One thing that I thought was great in the Jane Street competition is that the competition data included five targets, even though the competition was scored against a single target. In that competition, some simple EDA shows that the targets were forward returns at different time horizons. High scoring notebooks (and the first place solution) trained against all 5 targets. It's likely that for financial time series the multi-target training makes a model more robust. The Ubiquant competition only has one target, but perhaps we can manufacture a second target, further out in time, and train against both. That's the goal of this notebook.

The challenge with doing this is that the targets do not exist for all investment id's for all time id's.
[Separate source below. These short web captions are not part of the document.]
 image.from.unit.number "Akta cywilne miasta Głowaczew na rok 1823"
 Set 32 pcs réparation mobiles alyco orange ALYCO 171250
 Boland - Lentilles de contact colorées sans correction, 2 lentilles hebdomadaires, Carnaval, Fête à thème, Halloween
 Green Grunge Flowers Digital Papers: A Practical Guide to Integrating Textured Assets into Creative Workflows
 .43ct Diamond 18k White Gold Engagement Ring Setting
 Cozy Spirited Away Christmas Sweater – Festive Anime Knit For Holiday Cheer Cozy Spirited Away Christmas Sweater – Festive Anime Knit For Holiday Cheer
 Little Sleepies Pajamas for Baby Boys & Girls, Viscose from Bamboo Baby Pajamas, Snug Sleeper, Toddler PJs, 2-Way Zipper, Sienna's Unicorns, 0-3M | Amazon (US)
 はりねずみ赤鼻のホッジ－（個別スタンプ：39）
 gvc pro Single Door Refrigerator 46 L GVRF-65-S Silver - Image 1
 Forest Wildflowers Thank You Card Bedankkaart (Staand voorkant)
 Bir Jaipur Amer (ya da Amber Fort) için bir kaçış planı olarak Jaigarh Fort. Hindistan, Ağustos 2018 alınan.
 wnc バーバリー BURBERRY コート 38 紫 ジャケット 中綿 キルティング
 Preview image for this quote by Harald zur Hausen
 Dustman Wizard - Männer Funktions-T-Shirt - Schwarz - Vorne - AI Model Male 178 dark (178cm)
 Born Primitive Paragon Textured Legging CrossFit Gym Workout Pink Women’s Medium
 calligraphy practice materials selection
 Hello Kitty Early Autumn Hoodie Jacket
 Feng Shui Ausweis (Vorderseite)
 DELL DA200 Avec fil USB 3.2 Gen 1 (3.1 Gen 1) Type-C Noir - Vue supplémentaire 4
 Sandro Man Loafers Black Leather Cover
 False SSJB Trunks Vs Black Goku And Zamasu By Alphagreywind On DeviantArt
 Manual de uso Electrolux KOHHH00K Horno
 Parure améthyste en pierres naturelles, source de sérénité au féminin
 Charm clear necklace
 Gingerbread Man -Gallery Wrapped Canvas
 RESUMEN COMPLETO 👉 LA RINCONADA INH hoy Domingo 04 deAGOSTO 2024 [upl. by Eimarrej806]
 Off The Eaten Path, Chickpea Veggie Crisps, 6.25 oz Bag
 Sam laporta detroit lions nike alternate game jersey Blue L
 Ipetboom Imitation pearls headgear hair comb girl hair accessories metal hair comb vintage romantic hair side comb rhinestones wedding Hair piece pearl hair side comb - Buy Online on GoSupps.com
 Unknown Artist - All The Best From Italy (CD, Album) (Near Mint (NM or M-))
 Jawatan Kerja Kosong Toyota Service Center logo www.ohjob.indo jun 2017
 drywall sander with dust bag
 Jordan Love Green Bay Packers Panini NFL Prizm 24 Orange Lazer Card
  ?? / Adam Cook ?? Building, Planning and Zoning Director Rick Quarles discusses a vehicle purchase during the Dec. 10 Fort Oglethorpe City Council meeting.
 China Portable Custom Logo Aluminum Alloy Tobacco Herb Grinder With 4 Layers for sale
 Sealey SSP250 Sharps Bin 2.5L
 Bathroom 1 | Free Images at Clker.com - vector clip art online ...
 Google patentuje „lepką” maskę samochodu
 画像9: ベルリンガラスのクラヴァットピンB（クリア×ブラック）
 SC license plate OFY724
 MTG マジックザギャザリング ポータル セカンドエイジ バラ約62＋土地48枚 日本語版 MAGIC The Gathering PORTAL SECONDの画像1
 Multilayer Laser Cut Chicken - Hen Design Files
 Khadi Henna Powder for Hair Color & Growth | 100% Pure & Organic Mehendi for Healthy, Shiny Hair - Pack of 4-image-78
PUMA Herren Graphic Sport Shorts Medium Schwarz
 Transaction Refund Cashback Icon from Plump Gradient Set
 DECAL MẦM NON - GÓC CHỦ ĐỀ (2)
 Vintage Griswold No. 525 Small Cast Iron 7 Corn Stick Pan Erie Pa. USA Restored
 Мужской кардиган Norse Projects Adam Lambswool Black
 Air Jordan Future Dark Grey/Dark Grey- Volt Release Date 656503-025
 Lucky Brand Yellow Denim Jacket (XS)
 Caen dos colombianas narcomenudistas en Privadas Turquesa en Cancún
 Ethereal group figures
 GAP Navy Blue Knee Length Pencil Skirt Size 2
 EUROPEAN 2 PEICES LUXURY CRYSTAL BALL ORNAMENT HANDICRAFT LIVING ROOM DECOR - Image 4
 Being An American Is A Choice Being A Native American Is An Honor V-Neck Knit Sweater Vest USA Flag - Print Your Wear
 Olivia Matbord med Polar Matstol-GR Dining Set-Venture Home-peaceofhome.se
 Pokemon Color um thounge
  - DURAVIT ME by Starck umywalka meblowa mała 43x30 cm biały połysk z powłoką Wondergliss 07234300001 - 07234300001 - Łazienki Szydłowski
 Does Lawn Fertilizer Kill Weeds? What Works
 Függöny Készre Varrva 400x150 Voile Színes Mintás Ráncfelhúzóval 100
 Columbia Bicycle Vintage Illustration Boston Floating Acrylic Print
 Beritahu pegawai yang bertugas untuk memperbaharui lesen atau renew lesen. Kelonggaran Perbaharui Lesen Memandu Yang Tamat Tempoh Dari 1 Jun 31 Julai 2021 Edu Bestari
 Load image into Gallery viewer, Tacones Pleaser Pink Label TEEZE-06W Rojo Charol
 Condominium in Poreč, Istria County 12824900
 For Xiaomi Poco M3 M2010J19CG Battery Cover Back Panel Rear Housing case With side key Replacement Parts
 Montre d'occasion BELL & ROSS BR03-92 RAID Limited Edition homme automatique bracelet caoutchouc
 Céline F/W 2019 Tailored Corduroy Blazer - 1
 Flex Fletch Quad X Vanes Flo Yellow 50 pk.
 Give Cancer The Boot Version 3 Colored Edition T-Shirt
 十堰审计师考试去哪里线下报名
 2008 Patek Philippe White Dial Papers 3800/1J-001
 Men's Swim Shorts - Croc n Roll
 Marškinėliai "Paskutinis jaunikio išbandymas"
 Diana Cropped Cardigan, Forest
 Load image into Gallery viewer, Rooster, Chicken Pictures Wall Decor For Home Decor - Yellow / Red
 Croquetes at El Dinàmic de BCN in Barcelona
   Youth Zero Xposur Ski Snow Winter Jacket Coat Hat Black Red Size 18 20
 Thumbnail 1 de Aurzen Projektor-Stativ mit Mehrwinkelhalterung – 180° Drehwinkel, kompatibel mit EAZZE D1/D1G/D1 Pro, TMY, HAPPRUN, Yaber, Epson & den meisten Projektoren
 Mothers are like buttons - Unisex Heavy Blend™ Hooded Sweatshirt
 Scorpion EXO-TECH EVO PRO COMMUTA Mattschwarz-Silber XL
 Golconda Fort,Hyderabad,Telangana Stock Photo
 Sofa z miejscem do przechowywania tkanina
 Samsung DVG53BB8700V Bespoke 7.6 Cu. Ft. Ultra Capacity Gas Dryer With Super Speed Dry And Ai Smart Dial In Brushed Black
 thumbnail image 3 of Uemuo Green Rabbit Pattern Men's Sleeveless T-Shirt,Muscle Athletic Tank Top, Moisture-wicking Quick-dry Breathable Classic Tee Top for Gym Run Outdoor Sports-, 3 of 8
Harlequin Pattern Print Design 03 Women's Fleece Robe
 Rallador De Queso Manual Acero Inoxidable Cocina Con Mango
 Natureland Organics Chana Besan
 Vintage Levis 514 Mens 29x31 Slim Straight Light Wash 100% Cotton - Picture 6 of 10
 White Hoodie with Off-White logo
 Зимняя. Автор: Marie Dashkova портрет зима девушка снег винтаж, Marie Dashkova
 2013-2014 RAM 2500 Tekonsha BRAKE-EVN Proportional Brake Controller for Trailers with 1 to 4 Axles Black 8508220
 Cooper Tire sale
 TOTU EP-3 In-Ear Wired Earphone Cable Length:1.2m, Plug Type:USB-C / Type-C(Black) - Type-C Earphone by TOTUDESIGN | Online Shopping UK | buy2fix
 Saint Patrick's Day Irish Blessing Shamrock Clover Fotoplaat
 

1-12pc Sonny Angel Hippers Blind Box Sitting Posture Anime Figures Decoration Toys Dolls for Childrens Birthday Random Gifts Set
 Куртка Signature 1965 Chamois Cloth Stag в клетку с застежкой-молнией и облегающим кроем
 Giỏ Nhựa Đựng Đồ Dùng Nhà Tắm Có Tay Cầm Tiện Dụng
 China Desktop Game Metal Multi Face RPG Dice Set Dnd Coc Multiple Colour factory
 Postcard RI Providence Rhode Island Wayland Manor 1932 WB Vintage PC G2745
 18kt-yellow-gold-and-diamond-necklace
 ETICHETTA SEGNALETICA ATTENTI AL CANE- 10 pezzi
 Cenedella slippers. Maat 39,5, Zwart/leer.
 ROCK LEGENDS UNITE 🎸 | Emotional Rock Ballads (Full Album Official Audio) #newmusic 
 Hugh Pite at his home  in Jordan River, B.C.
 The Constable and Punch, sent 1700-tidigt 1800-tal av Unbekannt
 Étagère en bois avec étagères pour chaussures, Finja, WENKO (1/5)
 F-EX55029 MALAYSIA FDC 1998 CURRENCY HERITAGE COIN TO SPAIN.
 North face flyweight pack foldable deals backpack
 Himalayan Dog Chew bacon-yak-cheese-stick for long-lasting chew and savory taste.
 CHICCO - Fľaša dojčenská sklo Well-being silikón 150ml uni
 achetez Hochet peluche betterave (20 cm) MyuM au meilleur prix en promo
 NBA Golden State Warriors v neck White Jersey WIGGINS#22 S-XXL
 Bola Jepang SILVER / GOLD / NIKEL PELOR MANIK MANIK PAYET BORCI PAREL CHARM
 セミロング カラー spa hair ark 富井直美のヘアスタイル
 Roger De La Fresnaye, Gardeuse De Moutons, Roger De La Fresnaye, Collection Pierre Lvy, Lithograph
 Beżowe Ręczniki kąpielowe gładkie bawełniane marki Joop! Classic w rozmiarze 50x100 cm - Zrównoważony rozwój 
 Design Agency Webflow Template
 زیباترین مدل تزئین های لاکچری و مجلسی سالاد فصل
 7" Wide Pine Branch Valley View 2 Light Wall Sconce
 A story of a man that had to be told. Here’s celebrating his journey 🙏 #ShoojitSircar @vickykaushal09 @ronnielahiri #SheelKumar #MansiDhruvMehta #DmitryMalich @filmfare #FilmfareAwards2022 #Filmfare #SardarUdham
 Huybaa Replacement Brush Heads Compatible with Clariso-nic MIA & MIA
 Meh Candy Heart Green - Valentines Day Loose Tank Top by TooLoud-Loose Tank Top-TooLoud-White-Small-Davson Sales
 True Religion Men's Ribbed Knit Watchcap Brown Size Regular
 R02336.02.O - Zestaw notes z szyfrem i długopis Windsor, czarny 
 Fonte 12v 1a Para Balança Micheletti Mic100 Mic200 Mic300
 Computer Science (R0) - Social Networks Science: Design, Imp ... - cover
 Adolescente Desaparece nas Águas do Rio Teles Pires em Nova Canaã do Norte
I use a reconstituted target from [this notebook](https://www.kaggle.com/marketneutral/ubiquant-target-eda-pca-magic).

**This kind of robust NN model could be good to ensemble with more aggressively fitted models.**

In [None]:
import gc
import numpy as np
import pandas as pd
import matplotlib.pyplot as plt
import missingno as msno
from scipy.stats import zscore

import torch
import torch.nn as nn
import torch.nn.functional as F

from fastai.tabular.data import TabularDataLoaders
from fastai.tabular.learner import TabularLearner
from fastai.callback.schedule import fit_one_cycle, lr_find  # this is monkey patched 

plt.rcParams['figure.figsize'] = (16, 5)

In [None]:
import fastai; fastai.__version__

# Load Data

In [None]:
%%time
train = (pd.read_parquet('../input/ubiquant-parquet/train_low_mem.parquet')
         .sort_values(['investment_id', 'time_id']));

In [None]:
all_columns = train.columns
features = all_columns[train.columns.str.contains('f_')]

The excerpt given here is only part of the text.